#### [What you need to do]
Count the lines below that contain the word "Chapter" and give only that number.

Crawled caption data
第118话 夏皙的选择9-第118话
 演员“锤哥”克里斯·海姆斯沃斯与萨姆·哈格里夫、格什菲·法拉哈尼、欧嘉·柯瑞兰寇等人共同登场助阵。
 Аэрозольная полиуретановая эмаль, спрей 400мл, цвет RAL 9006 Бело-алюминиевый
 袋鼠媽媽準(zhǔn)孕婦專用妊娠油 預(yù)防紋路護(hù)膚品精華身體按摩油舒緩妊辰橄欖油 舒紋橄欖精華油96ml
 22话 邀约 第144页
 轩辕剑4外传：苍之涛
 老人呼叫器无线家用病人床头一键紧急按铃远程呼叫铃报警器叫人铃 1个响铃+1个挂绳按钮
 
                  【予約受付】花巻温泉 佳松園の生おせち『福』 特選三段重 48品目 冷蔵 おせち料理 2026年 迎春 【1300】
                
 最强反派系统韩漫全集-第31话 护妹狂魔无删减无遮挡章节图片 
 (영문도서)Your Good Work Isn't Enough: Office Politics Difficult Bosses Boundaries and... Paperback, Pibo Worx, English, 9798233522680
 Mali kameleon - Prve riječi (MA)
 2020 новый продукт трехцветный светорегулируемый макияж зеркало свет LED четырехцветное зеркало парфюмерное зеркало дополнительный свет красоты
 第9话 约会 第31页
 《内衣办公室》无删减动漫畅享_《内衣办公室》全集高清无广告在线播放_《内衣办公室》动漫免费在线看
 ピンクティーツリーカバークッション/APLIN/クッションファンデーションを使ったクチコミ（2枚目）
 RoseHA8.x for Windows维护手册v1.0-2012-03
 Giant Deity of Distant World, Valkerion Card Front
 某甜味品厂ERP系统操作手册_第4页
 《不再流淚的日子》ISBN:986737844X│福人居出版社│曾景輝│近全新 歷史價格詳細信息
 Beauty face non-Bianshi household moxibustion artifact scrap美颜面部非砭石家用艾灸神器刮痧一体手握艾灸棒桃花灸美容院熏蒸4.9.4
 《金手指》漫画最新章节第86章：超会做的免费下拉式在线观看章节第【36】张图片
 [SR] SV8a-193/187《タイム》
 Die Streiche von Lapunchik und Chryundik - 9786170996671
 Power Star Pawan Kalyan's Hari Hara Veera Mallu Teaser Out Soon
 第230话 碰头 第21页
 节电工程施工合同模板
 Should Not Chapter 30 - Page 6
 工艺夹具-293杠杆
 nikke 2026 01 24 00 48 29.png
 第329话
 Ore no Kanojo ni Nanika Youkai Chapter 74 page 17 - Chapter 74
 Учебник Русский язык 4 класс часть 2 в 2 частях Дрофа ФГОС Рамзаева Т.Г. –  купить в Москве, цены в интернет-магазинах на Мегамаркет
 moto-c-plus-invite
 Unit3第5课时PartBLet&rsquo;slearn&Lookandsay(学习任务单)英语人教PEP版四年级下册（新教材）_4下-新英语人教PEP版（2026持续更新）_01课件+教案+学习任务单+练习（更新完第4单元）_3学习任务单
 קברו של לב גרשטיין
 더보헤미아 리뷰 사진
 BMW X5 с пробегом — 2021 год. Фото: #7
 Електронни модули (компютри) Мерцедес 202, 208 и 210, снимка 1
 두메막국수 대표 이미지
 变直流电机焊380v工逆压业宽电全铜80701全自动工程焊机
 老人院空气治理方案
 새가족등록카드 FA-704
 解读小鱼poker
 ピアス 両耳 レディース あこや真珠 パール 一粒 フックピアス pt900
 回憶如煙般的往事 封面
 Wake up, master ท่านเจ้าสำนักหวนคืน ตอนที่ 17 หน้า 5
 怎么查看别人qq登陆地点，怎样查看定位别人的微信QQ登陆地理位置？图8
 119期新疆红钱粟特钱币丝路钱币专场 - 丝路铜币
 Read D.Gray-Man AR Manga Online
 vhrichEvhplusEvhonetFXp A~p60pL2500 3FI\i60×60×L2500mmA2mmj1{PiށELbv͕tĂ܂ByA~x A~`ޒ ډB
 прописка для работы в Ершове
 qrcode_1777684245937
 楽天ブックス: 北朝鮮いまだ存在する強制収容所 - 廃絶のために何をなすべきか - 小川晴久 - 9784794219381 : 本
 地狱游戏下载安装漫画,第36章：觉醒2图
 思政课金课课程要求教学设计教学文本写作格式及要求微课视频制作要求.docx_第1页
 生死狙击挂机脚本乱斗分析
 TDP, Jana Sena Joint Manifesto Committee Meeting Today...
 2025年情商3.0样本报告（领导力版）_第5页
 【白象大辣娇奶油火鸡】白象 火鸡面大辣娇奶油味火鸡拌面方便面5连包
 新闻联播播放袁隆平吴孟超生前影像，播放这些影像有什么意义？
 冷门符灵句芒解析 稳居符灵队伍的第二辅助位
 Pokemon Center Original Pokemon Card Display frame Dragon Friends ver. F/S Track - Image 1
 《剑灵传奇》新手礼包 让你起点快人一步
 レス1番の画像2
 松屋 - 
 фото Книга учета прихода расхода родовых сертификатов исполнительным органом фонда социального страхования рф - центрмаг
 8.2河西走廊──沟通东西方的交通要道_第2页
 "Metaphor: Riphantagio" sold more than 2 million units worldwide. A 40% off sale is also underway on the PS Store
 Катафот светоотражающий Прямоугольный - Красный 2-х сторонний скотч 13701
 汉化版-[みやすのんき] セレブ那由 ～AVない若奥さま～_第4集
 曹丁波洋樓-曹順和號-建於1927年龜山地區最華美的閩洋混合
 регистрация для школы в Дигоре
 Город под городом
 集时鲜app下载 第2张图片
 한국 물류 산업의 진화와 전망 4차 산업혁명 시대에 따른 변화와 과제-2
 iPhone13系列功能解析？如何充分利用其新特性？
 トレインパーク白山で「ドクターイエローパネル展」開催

#### [Your response]
2